- Country: India
- State: Maharashtra
- District: Amravati
- Headquarters: Dharni

Area
- • Total: 1,495.55 km^{2} (577.44 sq mi)

Population (2011)
- • Total: 184,665
- • Density: 123.476/km^{2} (319.802/sq mi)
- Literacy rate: 64.49%
- Sex ratio: 967

= Dharni taluka =

Dharni is a taluka in Amravati district, Maharashtra, India. It lies in the Satpura Range and is heavily forested and mainly tribal. Its headquarters are at Dharni. Melghat Tiger Reserve is part of this taluk.

==Demographics==

At the time of the 2011 census, the taluka had a population of 184,665, of which 15,761 (8.53%) lived in urban areas.
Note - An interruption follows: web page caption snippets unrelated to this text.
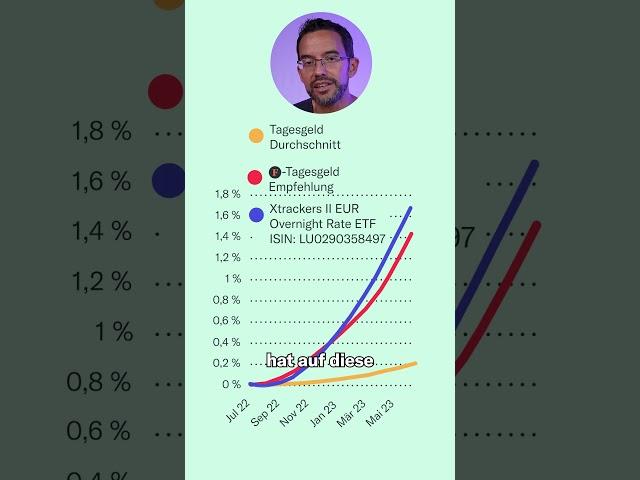 #Tagesgeld vs. Geldmarkt- #ETFs: Rendite im Vergleich!  | Geld clever investieren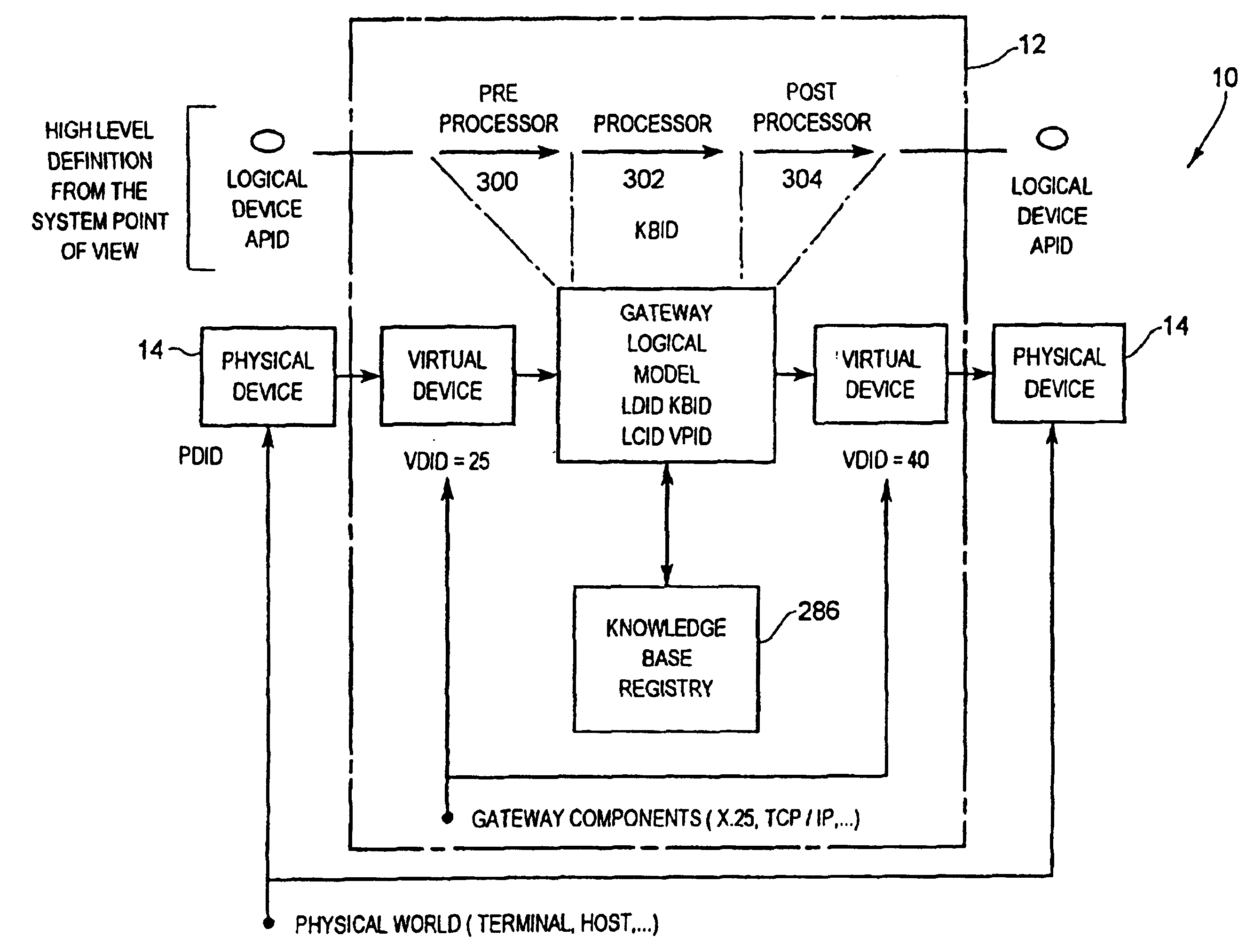 Communication server including virtual gateway to perform protocol conversion and communication system incorporating the same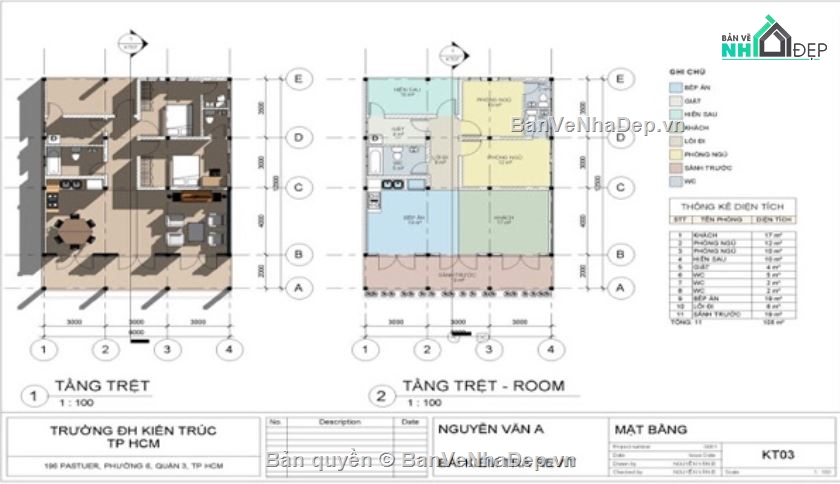 bản vẽ nhà cấp 4,kiến trúc nhà phố,nhà cấp 4 1 tầng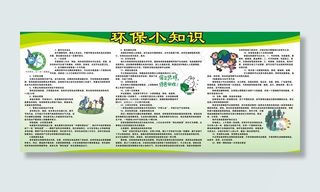 环保小知识图片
Dharni had a sex ratio of 967 females per 1000 males and a literacy rate of 64.49% for the population 7 years and above. 14.81% of the population was under 6 years of age. Scheduled Castes and Scheduled Tribes made up 4.28% and 77.00% of the population respectively.

At the time of the 2011 Census of India, 68.93% of the population spoke Korku, 8.55% Hindi, 6.72% Marathi, 4.40% Gondi, 3.87% Nimadi and 3.36% Urdu as their first language.